## WORK INSTRUCTIONS
The answer is the exact run of lines in the listing below from the line containing "White-collared Swift - ML401507441" up to and including the line containing "istock Purebred horse", with pictures removed.

## SUPPLIED DATA
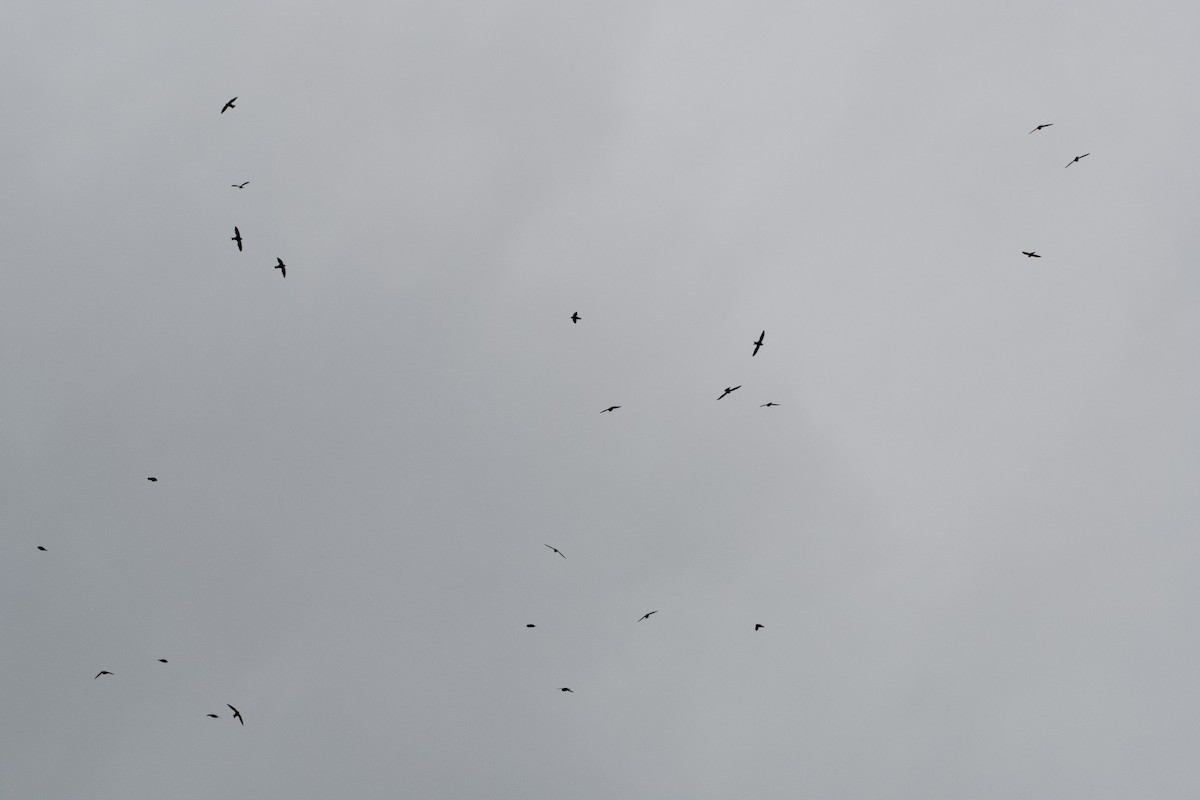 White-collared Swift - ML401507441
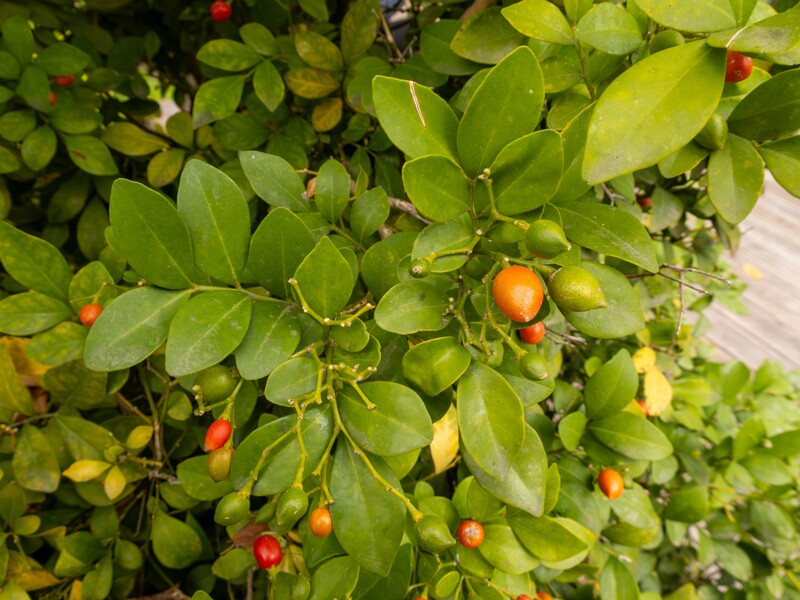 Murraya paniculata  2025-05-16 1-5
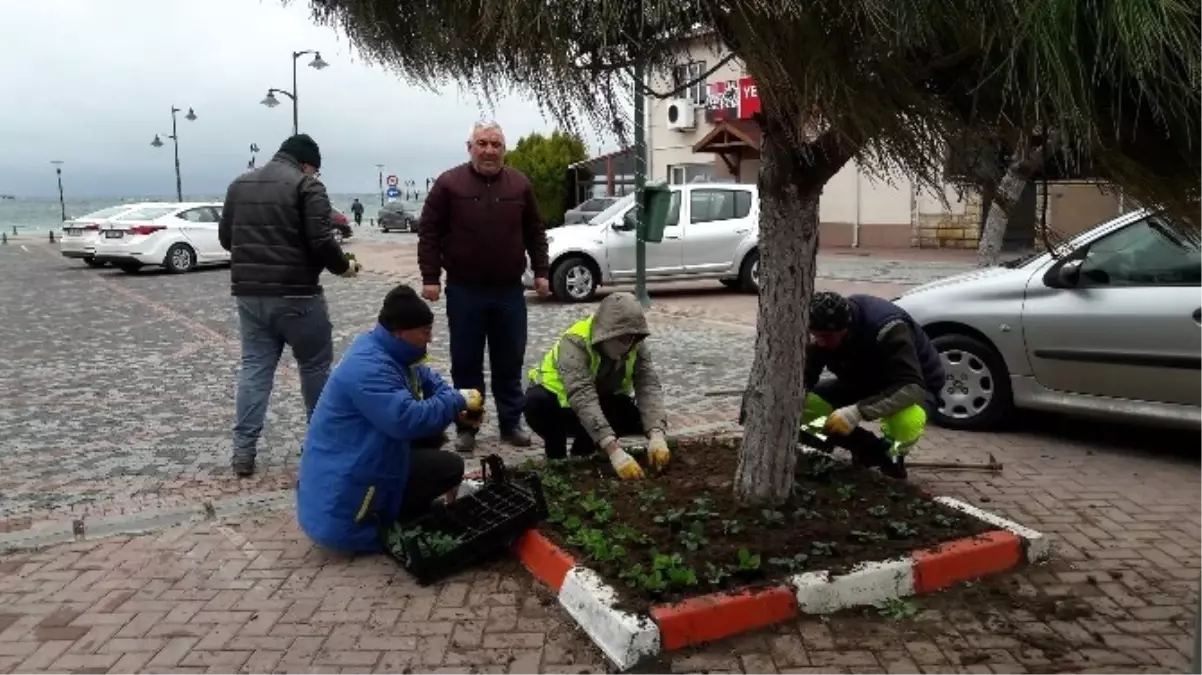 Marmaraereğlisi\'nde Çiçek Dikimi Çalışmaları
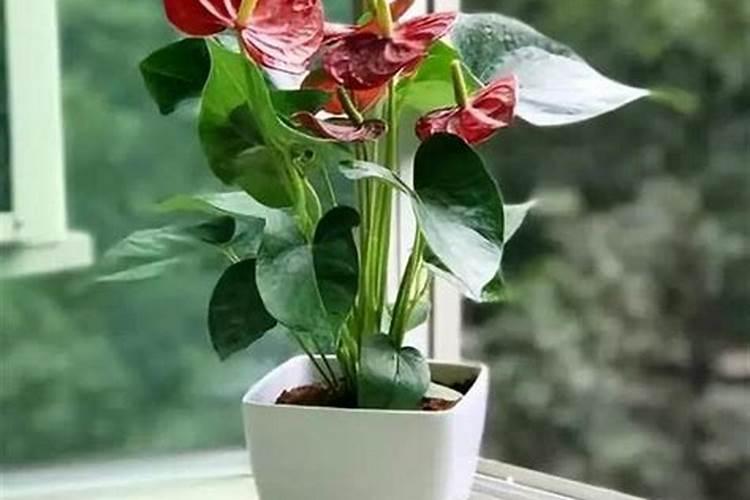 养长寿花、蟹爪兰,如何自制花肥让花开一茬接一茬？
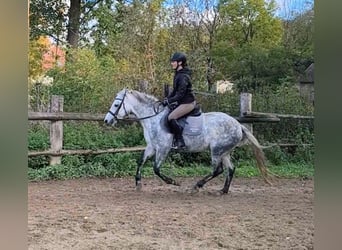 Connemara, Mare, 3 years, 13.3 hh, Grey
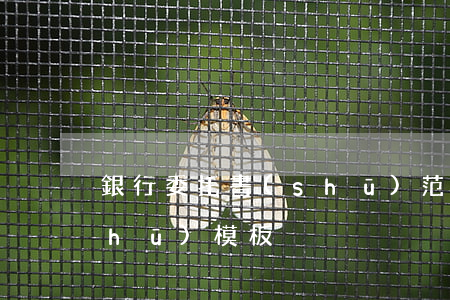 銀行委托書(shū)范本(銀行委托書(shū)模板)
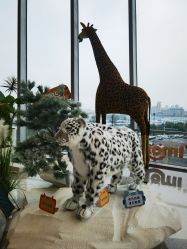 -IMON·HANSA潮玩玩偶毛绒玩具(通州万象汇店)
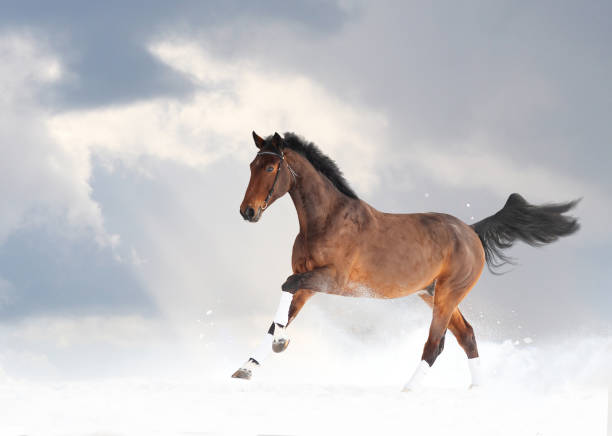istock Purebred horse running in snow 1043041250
==
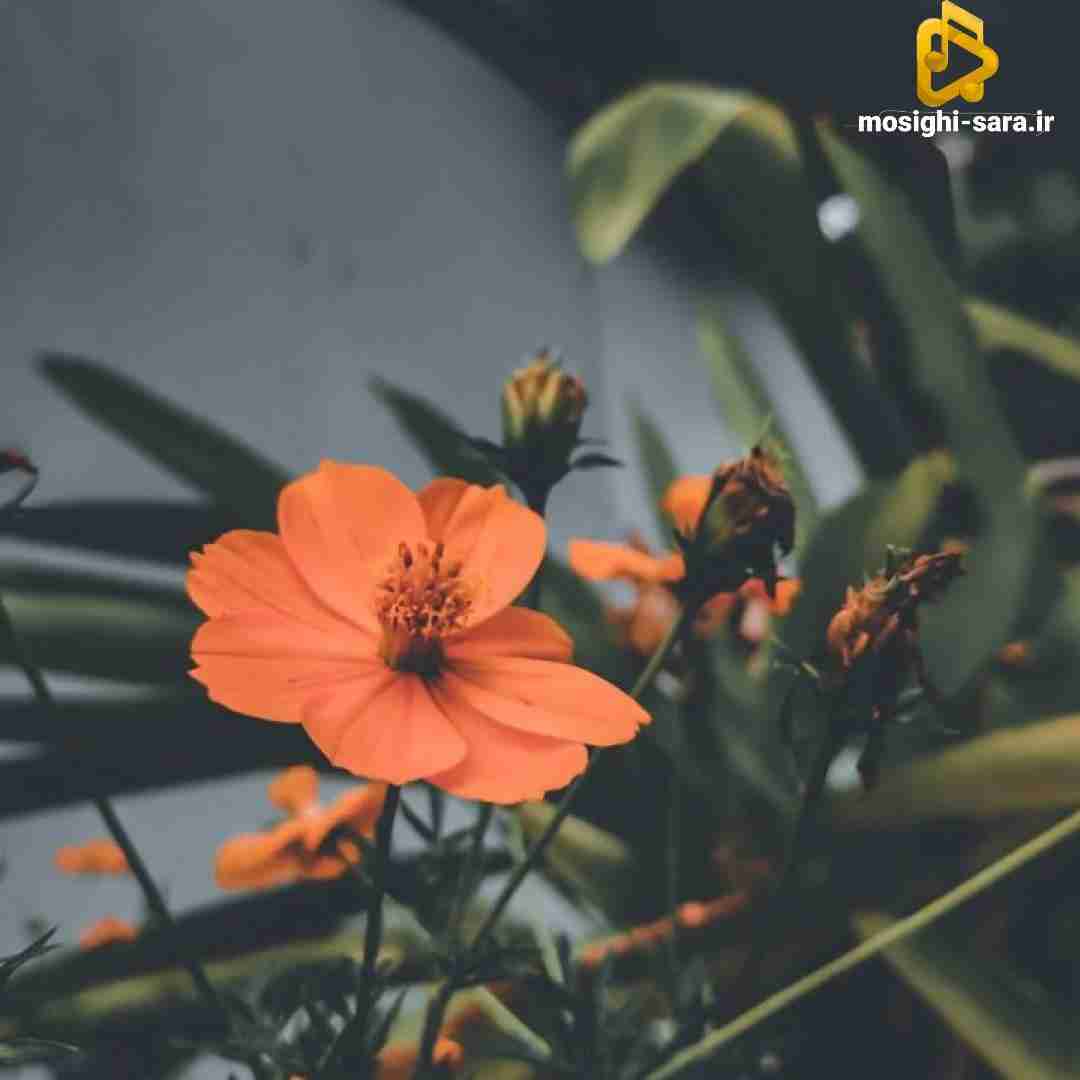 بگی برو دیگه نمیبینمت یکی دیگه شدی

## RESULT OF THIS TASK
 White-collared Swift - ML401507441
 Murraya paniculata  2025-05-16 1-5
 Marmaraereğlisi\'nde Çiçek Dikimi Çalışmaları
 养长寿花、蟹爪兰,如何自制花肥让花开一茬接一茬？
 Connemara, Mare, 3 years, 13.3 hh, Grey
 銀行委托書(shū)范本(銀行委托書(shū)模板)
 -IMON·HANSA潮玩玩偶毛绒玩具(通州万象汇店)
istock Purebred horse running in snow 1043041250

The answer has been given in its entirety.